= Exercise =
Set down the data below in full, exactly as it reads, but without the pictures.

= Data provided =
# # # # #

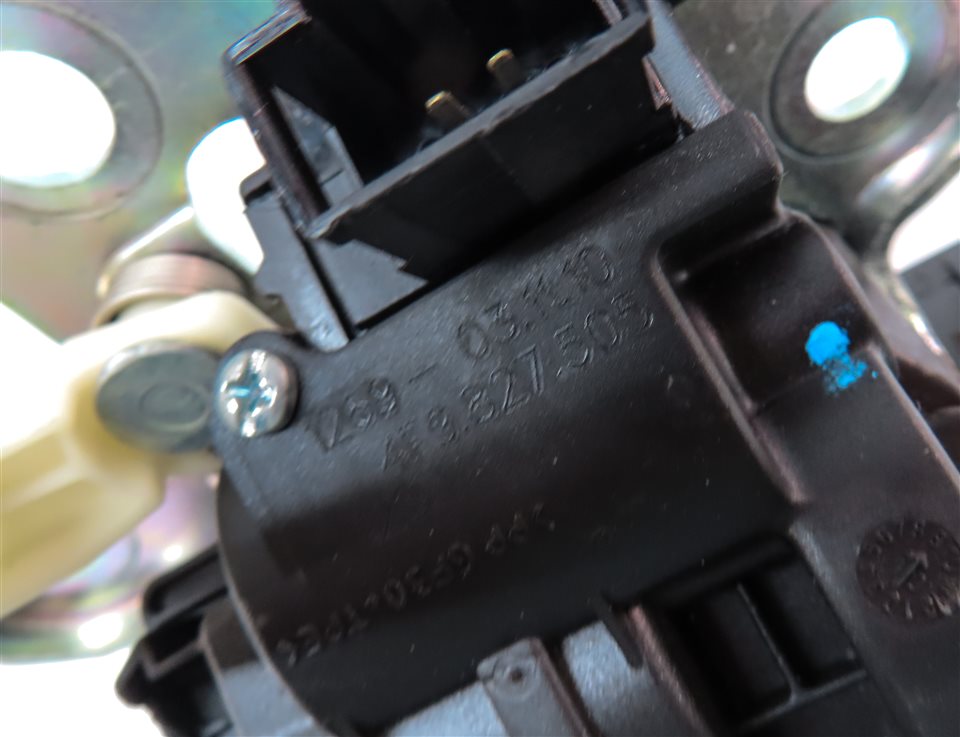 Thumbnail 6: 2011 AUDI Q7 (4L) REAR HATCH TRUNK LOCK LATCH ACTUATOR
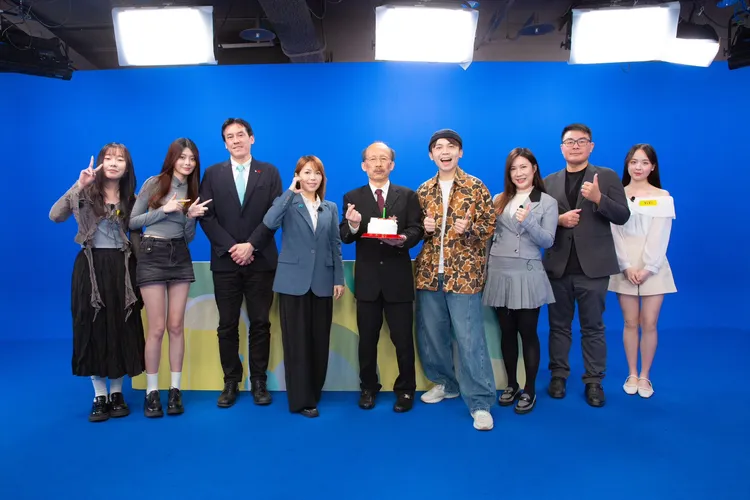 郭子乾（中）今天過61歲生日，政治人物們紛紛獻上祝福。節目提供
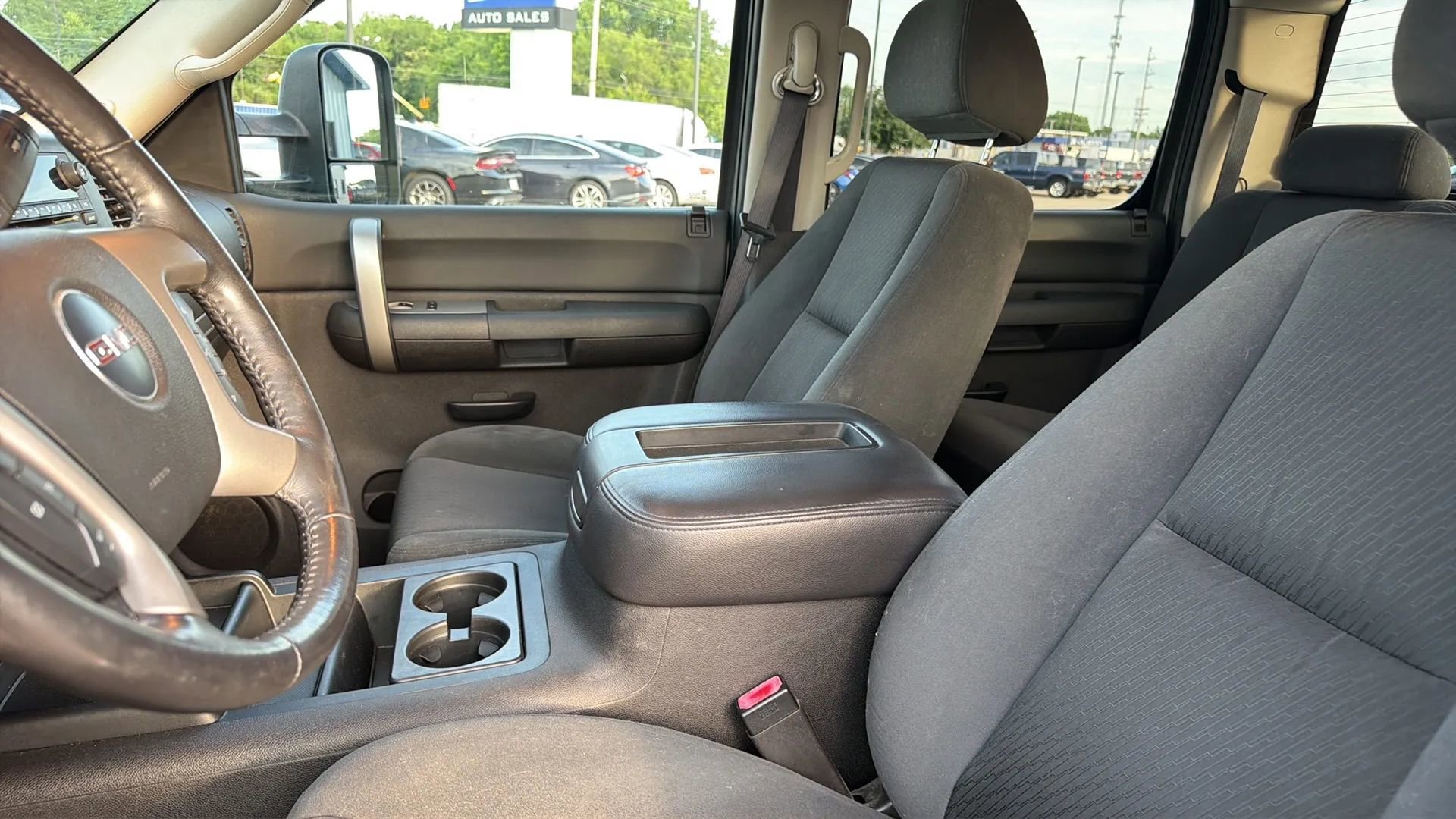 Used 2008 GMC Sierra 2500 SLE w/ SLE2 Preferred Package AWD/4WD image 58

# # # # #

= Result of the task =
 Thumbnail 6: 2011 AUDI Q7 (4L) REAR HATCH TRUNK LOCK LATCH ACTUATOR
 郭子乾（中）今天過61歲生日，政治人物們紛紛獻上祝福。節目提供
 Used 2008 GMC Sierra 2500 SLE w/ SLE2 Preferred Package AWD/4WD image 58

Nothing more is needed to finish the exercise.